Records for the task =
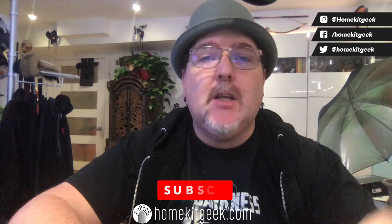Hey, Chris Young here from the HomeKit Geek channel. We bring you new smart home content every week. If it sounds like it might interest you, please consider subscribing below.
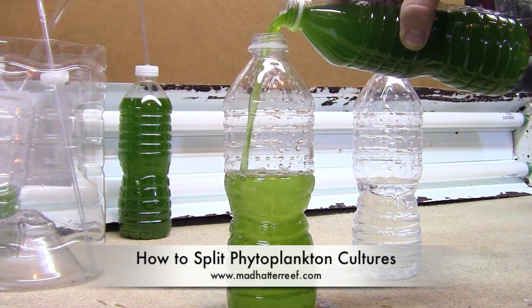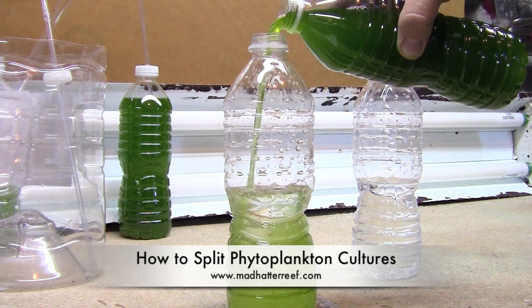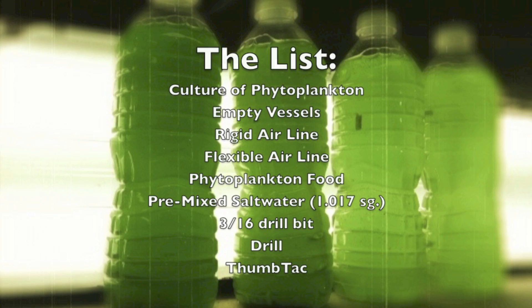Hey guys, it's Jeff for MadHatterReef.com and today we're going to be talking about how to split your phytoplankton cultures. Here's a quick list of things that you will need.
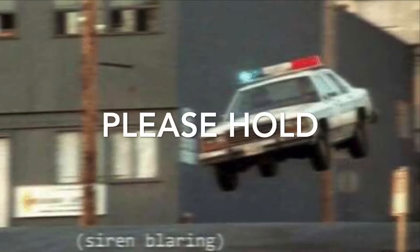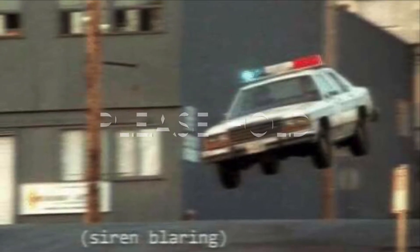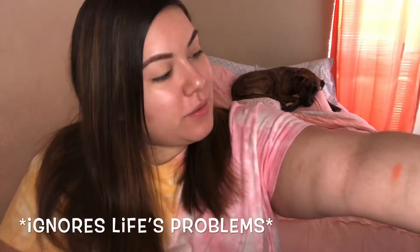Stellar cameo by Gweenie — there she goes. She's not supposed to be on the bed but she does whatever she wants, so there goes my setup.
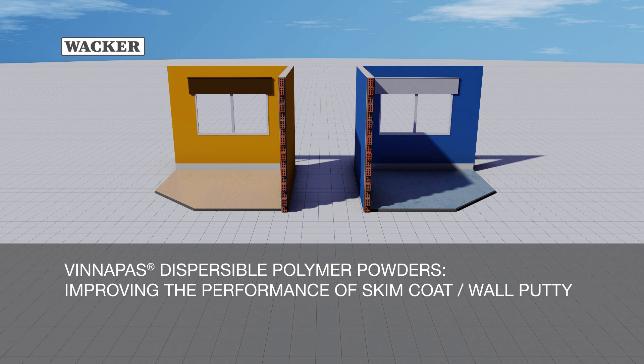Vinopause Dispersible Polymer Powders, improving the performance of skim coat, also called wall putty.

...

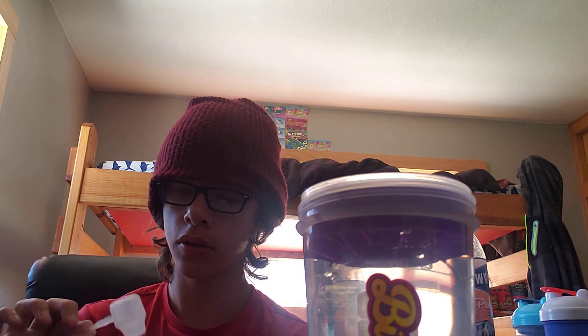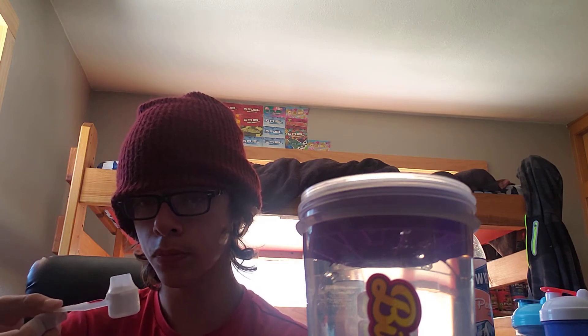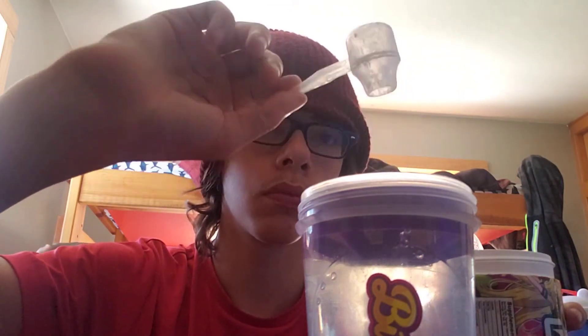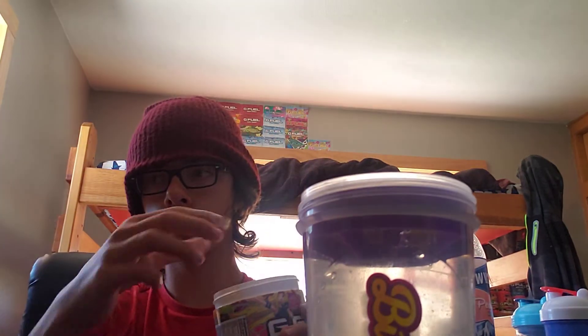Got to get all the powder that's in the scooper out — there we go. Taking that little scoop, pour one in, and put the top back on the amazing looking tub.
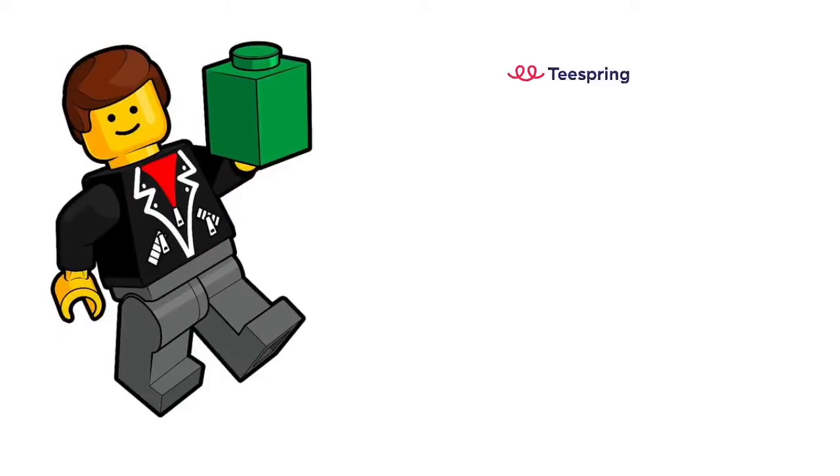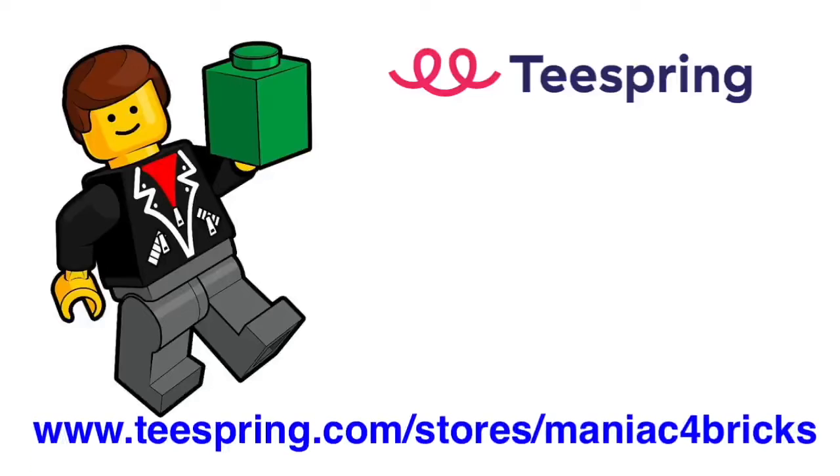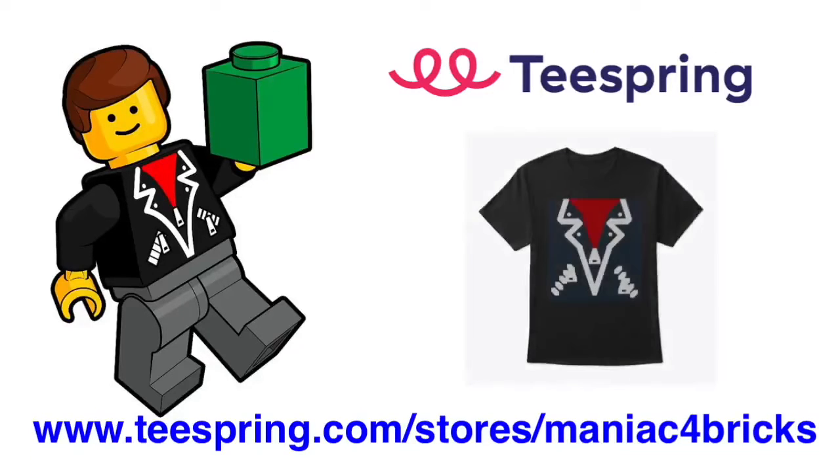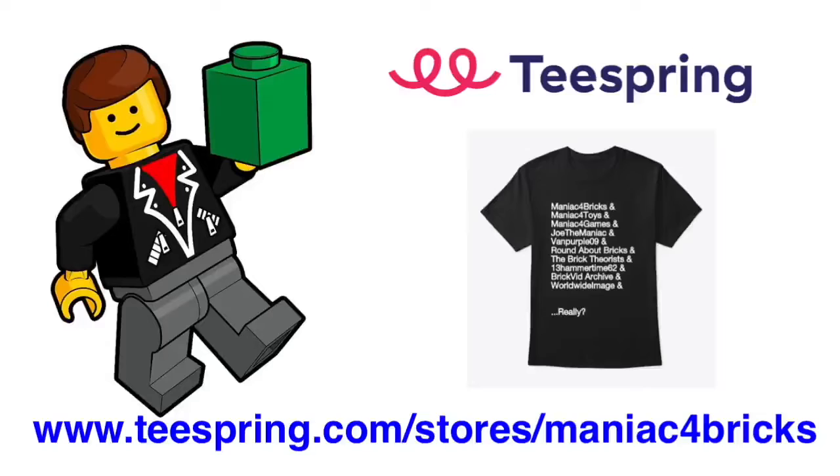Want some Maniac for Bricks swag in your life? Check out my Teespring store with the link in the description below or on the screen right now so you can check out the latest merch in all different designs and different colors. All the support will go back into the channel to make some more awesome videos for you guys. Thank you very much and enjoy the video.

The task =
Repeat the lines above exactly, beginning with the one containing "Hey, Chris Young" and finishing with the one containing "Vinopause Dispersible Polymer". No pictures belong in the copy.

The answer =
Hey, Chris Young here from the HomeKit Geek channel. We bring you new smart home content every week. If it sounds like it might interest you, please consider subscribing below.
Hey guys, it's Jeff for MadHatterReef.com and today we're going to be talking about how to split your phytoplankton cultures. Here's a quick list of things that you will need.
Stellar cameo by Gweenie — there she goes. She's not supposed to be on the bed but she does whatever she wants, so there goes my setup.
Vinopause Dispersible Polymer Powders, improving the performance of skim coat, also called wall putty.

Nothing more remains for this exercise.